- Problem to work on: Retype every line from the one containing "3MM Acrylic Display" through the last line of the records below, both included; leave out the pictures.

- Supplied records:

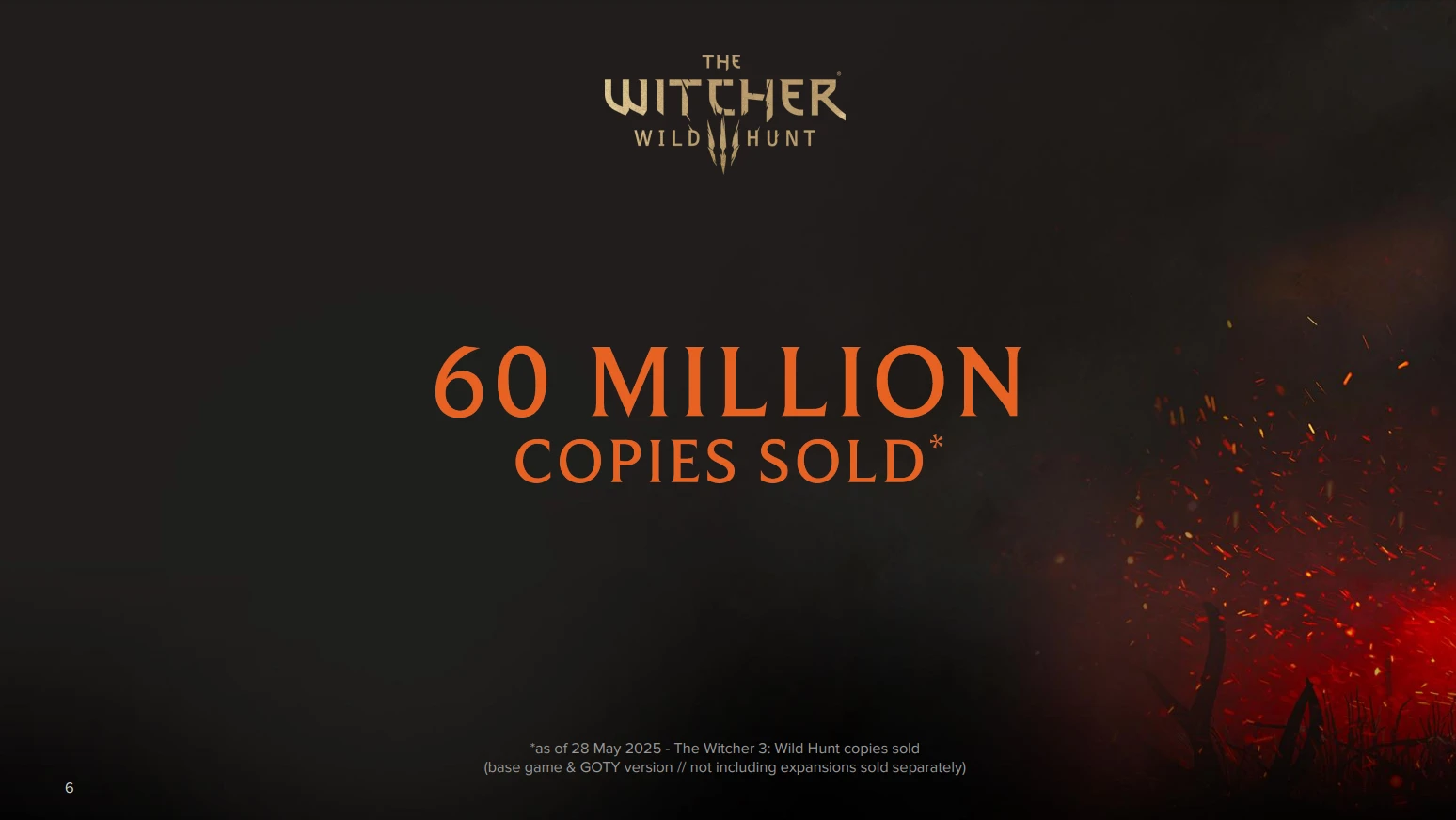 За 10 лет продажи The Witcher 3 составили 60 миллионов копий
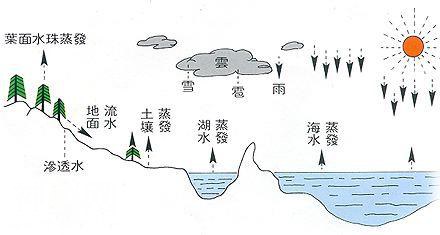 每天了解一种自然现象-“白色狂徒”暴风雪-5.jpg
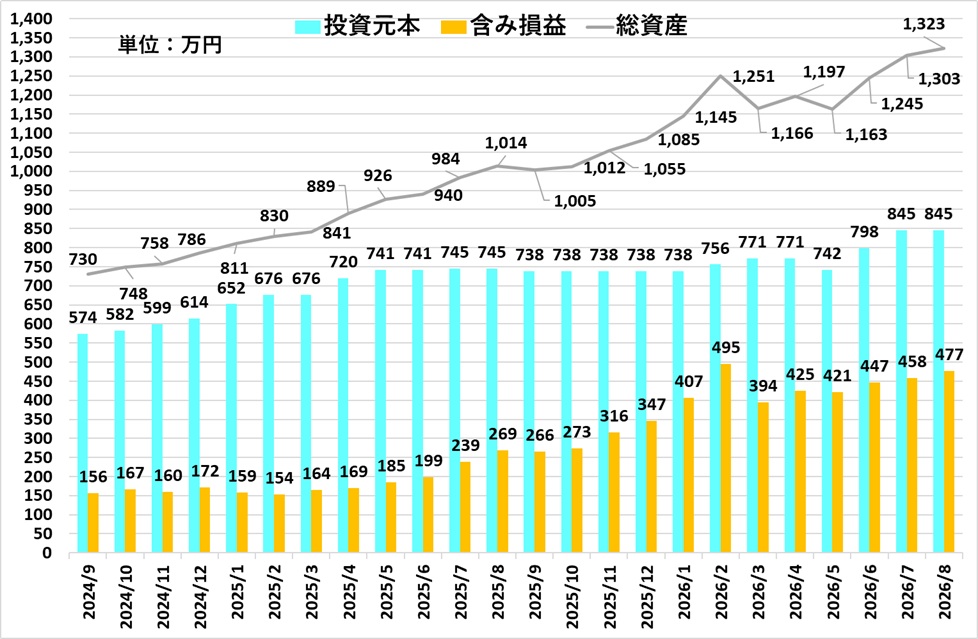 2026年8月時点の資産推移
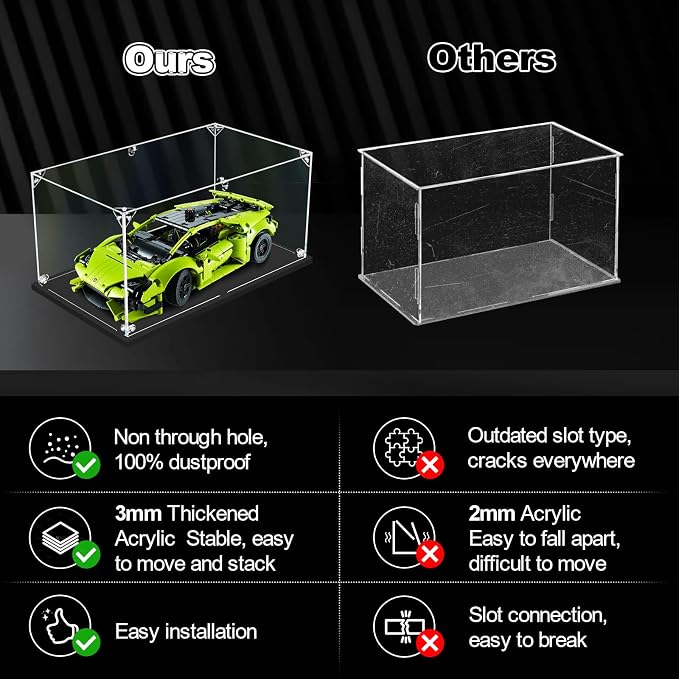 3MM Acrylic Display Case for 1:10 Scale Car Model Box(21.65x9.84x7.09inch) | dofopo for 1:10 Scale Diecast Car Model Car Thickened Clear Acrylic Display Box for Lego 42096（21.65x9.84x7.09inch, 1:10)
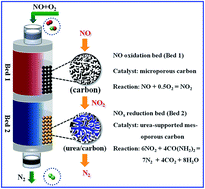 Graphical abstract: Design of a dual-bed catalyst system with microporous carbons and urea-supported mesoporous carbons for highly effective removal of NOx at room temperature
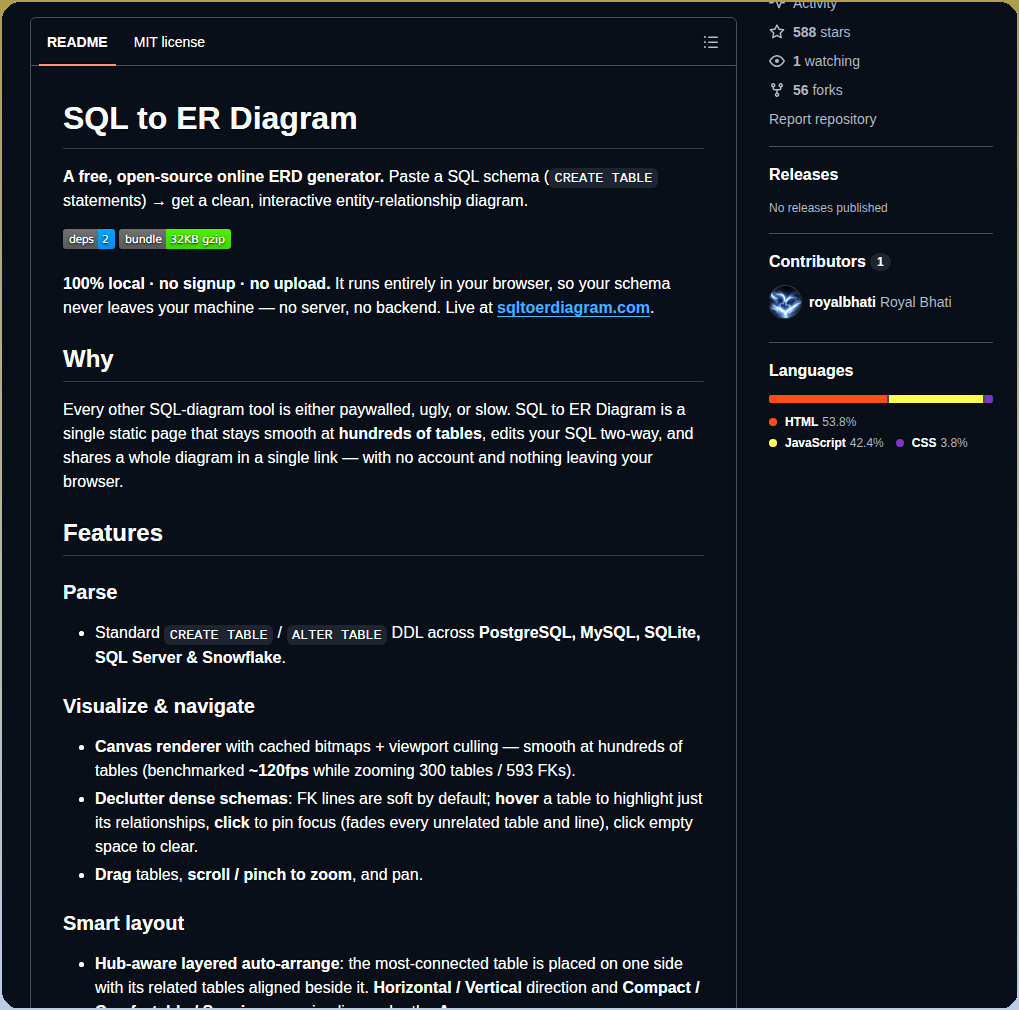 Royalbhati Sqltoerdiagram screenshot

- Answer below:
 3MM Acrylic Display Case for 1:10 Scale Car Model Box(21.65x9.84x7.09inch) | dofopo for 1:10 Scale Diecast Car Model Car Thickened Clear Acrylic Display Box for Lego 42096（21.65x9.84x7.09inch, 1:10)
 Graphical abstract: Design of a dual-bed catalyst system with microporous carbons and urea-supported mesoporous carbons for highly effective removal of NOx at room temperature
 Royalbhati Sqltoerdiagram screenshot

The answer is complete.